Each line of the records is to be returned verbatim, with the images omitted.

*** RECORDS SUPPLIED Section Begins ***

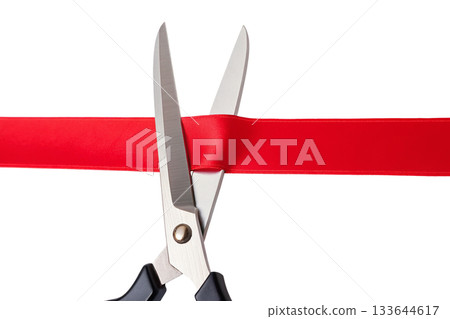 Ceremonial moment of scissors cutting a bold red ribbon for a grand opening, symbolizing new beginnings for a business, event 133644617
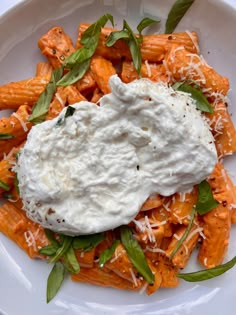 a white plate topped with pasta covered in sauce and cheese next to green leafy garnish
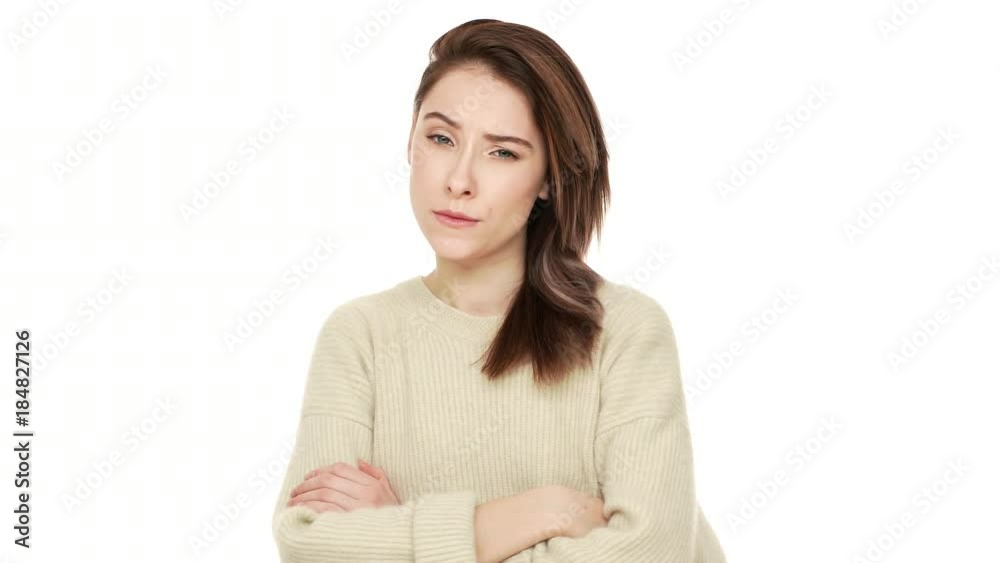 Portrait of serious young woman posing at camera with crossed arms feeling negative answering NO with shaking head expressing suspicion over white background closeup. Concept of emotions Portrait of serious young woman posing at camera with crossed arms feeling negative answering NO with shaking head expressing suspicion over white background closeup. Concept of emotions
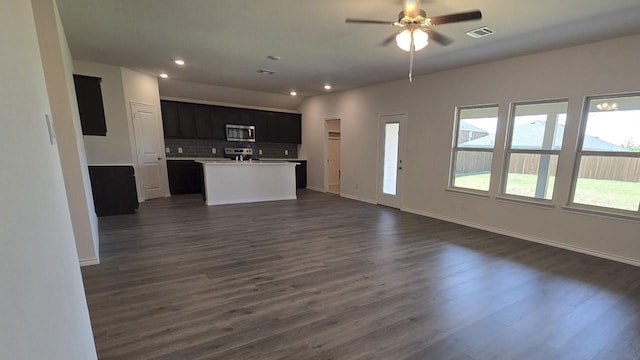 506 Shady Bank Way, Josephine, TX 75173 - unfurnished living room with dark wood-style floors, recessed lighting, ceiling fan, and baseboards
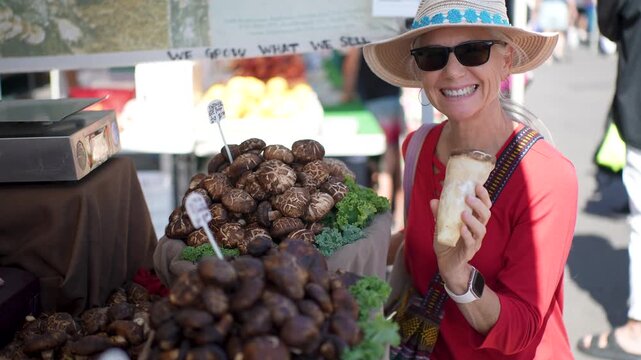 Happy senior woman shops for fresh shiitake mushrooms at the Sonoma Farmers Market on sunny morning with bright smiles.
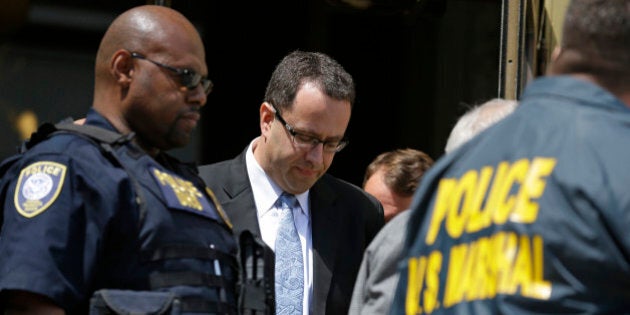 Former Subway pitchman Jared Fogle leaves the Federal Courthouse in Indianapolis, Wednesday, Aug. 19, 2015 following a hearing on child-pornography charges. Fogle agreed to plead guilty to allegations that he paid for sex acts with minors and received child pornography in a case that destroyed his career at the sandwich-shop chain and could send him to prison for more than a decade. (AP Photo/Michael Conroy)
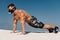 Muscular man workout doing push-ups exercises outdoors. Strong male naked torso abs on the beach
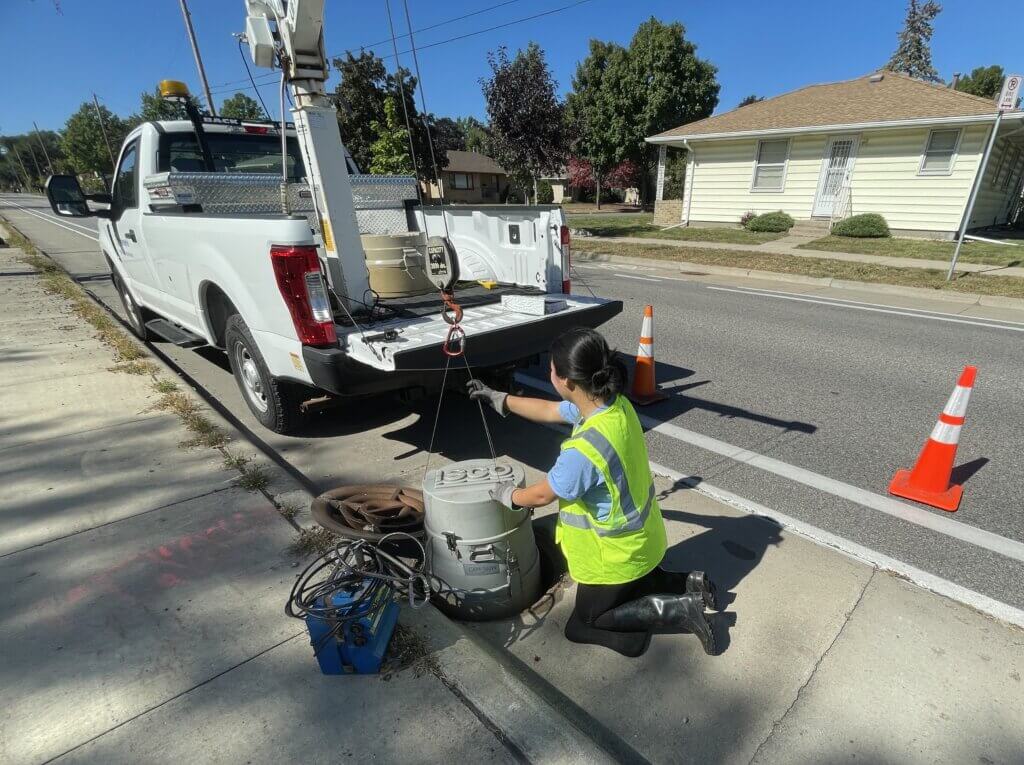 sewer workers near truck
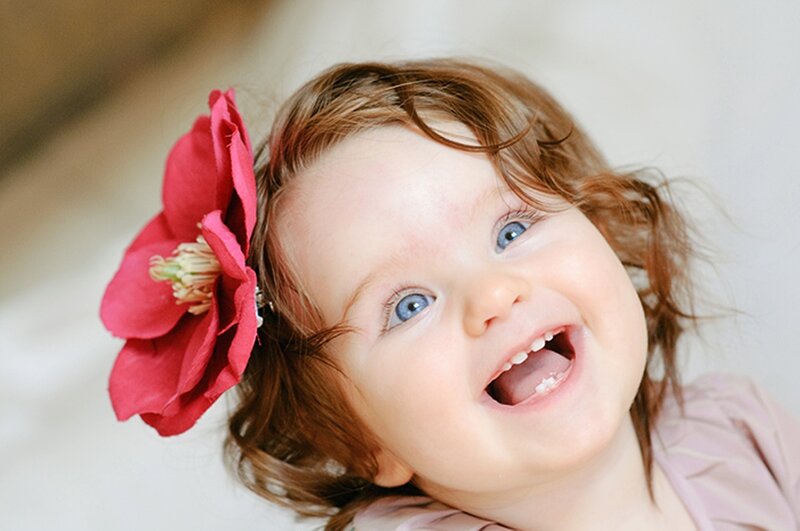 Child with Red Flower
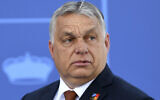 Hungary President Viktor Orban arrives at the NATO Heads of State summit in Madrid, June 30, 2022. Hungary's controversial prime minister is coming to the United States to address a gathering of conservative activists (Bertrand Guay, Pool via AP, File)
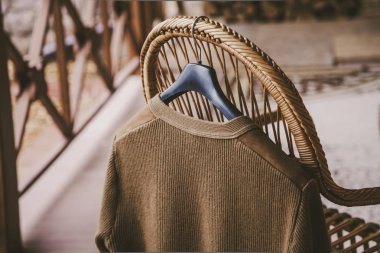 Sonbahar hikayesi. Bir askı bir hasır sandalye arkasında verand üzerinde bir yün örme ceket asmak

*** RECORDS SUPPLIED Section Ends ***

__ANSWER SECTION__
 Ceremonial moment of scissors cutting a bold red ribbon for a grand opening, symbolizing new beginnings for a business, event 133644617
 a white plate topped with pasta covered in sauce and cheese next to green leafy garnish
 Portrait of serious young woman posing at camera with crossed arms feeling negative answering NO with shaking head expressing suspicion over white background closeup. Concept of emotions Portrait of serious young woman posing at camera with crossed arms feeling negative answering NO with shaking head expressing suspicion over white background closeup. Concept of emotions
 506 Shady Bank Way, Josephine, TX 75173 - unfurnished living room with dark wood-style floors, recessed lighting, ceiling fan, and baseboards
 Happy senior woman shops for fresh shiitake mushrooms at the Sonoma Farmers Market on sunny morning with bright smiles.
 Former Subway pitchman Jared Fogle leaves the Federal Courthouse in Indianapolis, Wednesday, Aug. 19, 2015 following a hearing on child-pornography charges. Fogle agreed to plead guilty to allegations that he paid for sex acts with minors and received child pornography in a case that destroyed his career at the sandwich-shop chain and could send him to prison for more than a decade. (AP Photo/Michael Conroy)
 Muscular man workout doing push-ups exercises outdoors. Strong male naked torso abs on the beach
 sewer workers near truck
 Child with Red Flower
 Hungary President Viktor Orban arrives at the NATO Heads of State summit in Madrid, June 30, 2022. Hungary's controversial prime minister is coming to the United States to address a gathering of conservative activists (Bertrand Guay, Pool via AP, File)
 Sonbahar hikayesi. Bir askı bir hasır sandalye arkasında verand üzerinde bir yün örme ceket asmak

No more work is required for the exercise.